Excerpts from what Richard Pyle wrote and responses:
I'm not saying this ever will happen, or even should happen. But we've developed the data model such that it *could* happen, if it turns out to be a useful mechanism for mapping specimens to published taxon concepts.
As so often is the case, I think the problem here boils down to identifiers and the metadata that we associate with them.
Absolutely!!! This is often not intuitive stuff, so the trickey part is getting people to apply identifiers and cross-link them in an appropriate and consistent way.

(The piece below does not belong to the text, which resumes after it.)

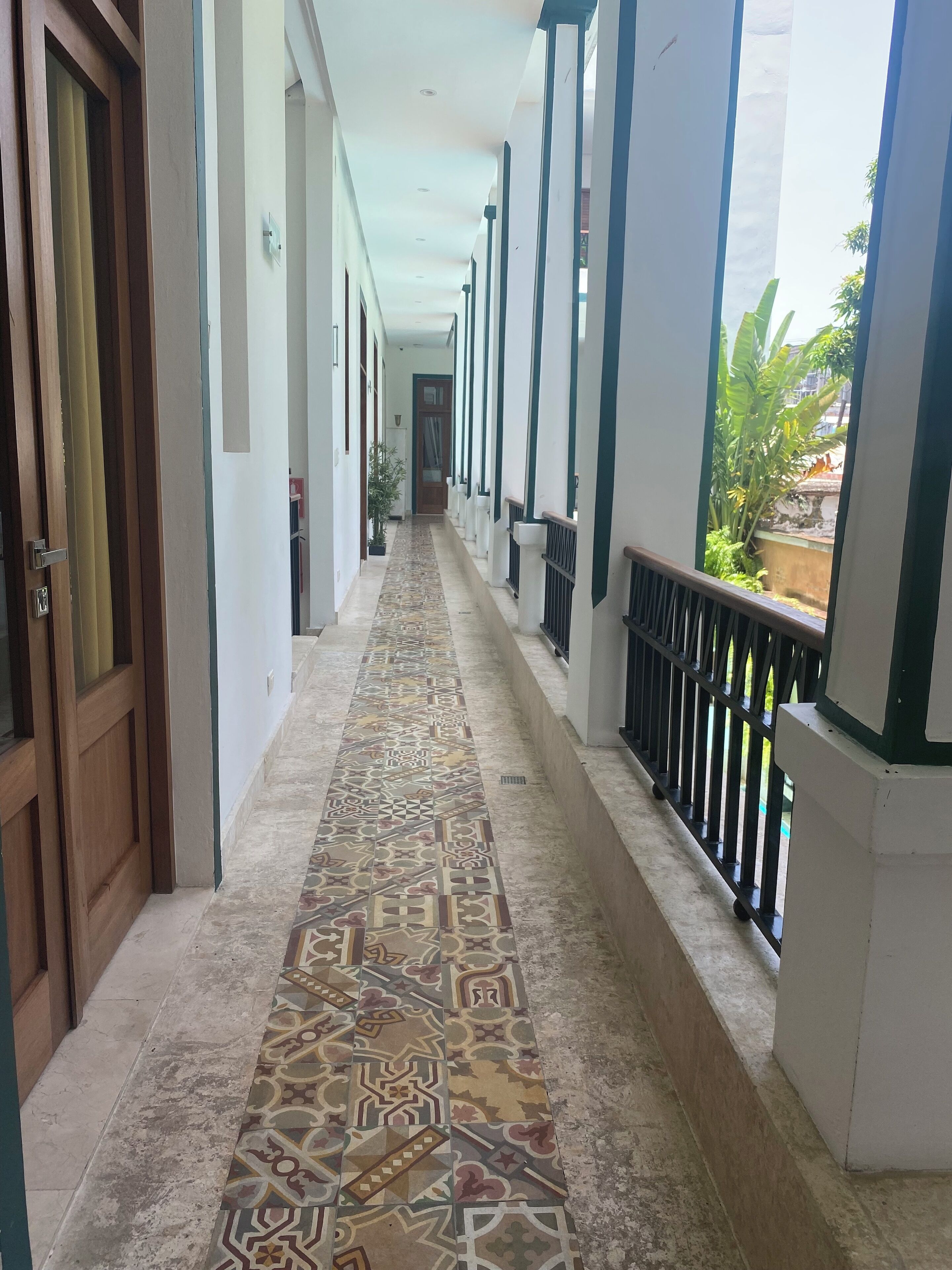 A corridor with patterned flooring, white walls, and a balcony with a railing.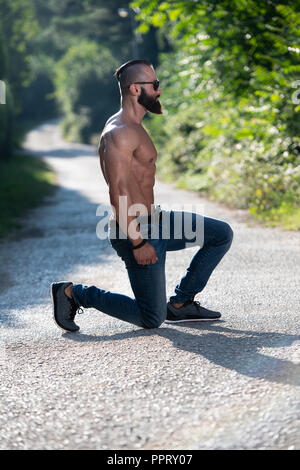 Handsome Young Model Kneeling Strong Outdoors and Flexing Muscles - Muscular Athletic Bodybuilder Man Posing Stock Photo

As a person who isn't really sure if he believes in RDF (and the co-convener of the RDF Task Group) and as a person who finds this whole conversation more annoying than about anything else he can think of (but who is actually trying to walk this walk with his metadata), I'm saying that we are there. HTTP URIs are not THE way to create identifiers but they are A way to create identifiers that demonstrably work. RDF is not THE way to cross link identifiers but they are A way to cross link identifiers. History is full of examples where a way of doing things that wasn't the best won out because it was there when needed. (I'm thinking typewriter keyboard.)
Let's say in the real-life example above, somebody (we can say GNUB) assigns a persistent identifier (perhaps a URI constructed from an opaque UUID) to "Juncus diffusissimus Buckl. sec
L. Urbatsch 2009".
We could say with an rdf:type statement that the resource identified by the URI is a TNU. We can give that resource a tc:hasName property linking it to the name which is represented by the string "Juncus diffusissimus Buckl.". (I'm not sure what property we use to say that L. Urbatch made the
assertion).
I'm not sure how you would do it in RDF, but if it's any help the relevant DwC term is taxon:nameAccordingToID.

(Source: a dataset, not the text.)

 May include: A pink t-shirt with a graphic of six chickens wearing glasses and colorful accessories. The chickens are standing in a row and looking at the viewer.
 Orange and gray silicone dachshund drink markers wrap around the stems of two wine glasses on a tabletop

This is a major part of why I'm interested in this conversation. All of the dwc: "ID" terms are flawed for use in RDF for technical reasons that I've described elsewhere (see http://code.google.com/p/tdwg-rdf/wiki/Beginners4Vocabularies#4.6._The_Darwi... http://code.google.com/p/tdwg-rdf/wiki/DublinCore#1.3.2.4._dcterms:identifie...) and http://code.google.com/p/tdwg-rdf/wiki/DublinCore#2.4._Possible_courses_of_a... if you care about this). I believe that tc:accordingTo would be a fairly exact equivalent to dwc:nameAccordingToID which does not have the subproperty problems the DwC ID terms have in RDF. So the question in my mind (and I think a question posed explicitly earlier in this thread) is whether enough of the technical stuff you want to do with TNUs can be done with the TDWG Taxon Concept ontology which is based on a ratified TDWG standard (TCS).
It's certainly part of the metadata for the TNU itself:
There is a TNU for diffusissimus within the Reference of Buckl. This is the original description of the epithet, so it is also the Protonym for diffusissimus. There is also a TNU for the genus name Juncus as used within the Reference of Buckl. If, in the same publication, Buckl. Also established that genus, then the genus would also be the Protonym TNU. However, the genus Juncus was established by L., so there is another TNU for Juncus that is the protonym (Juncus L.), and the TNU for the usage of Juncus within Buckl. Links to the TNU of Juncus L. (the Protonym).
So, that's three TNUs:
- Juncus L. sec. L. (Protonym for the genus Juncus)
- Juncus L. sec. Buckl. (links to 1 as ProtonymID)
- diffusissimus Buckl. sec. Buckl. (Protonym for the species diffusissimus,
links to 2 as parent)
There are also two more TNUs linked to the Urbatsch 2009 publication: 4. Juncus L. sec. Urbatsch (links to 1 as ProtonymID) 5. diffusissimus Buckl. sec. Urbatsch (links to 3 as ProtonymID, and to 4 as parent)
Now let's say that L. Urbatsch publishes a paper describing in detail her concept of Juncus diffusissimus Buckl.
Do you mean the 2009 paper of "Juncus diffusissimus Buckl. sec L. Urbatsch 2009"? (In which case we have the TNUs as 4 & 5).... or do you mean a later paper (2010)? In which case we'd need two more TNUs. Is the "2009" thing a specimen determination, or a publication? It doesn't matter -- I just want to make sure I'm following your example correctly.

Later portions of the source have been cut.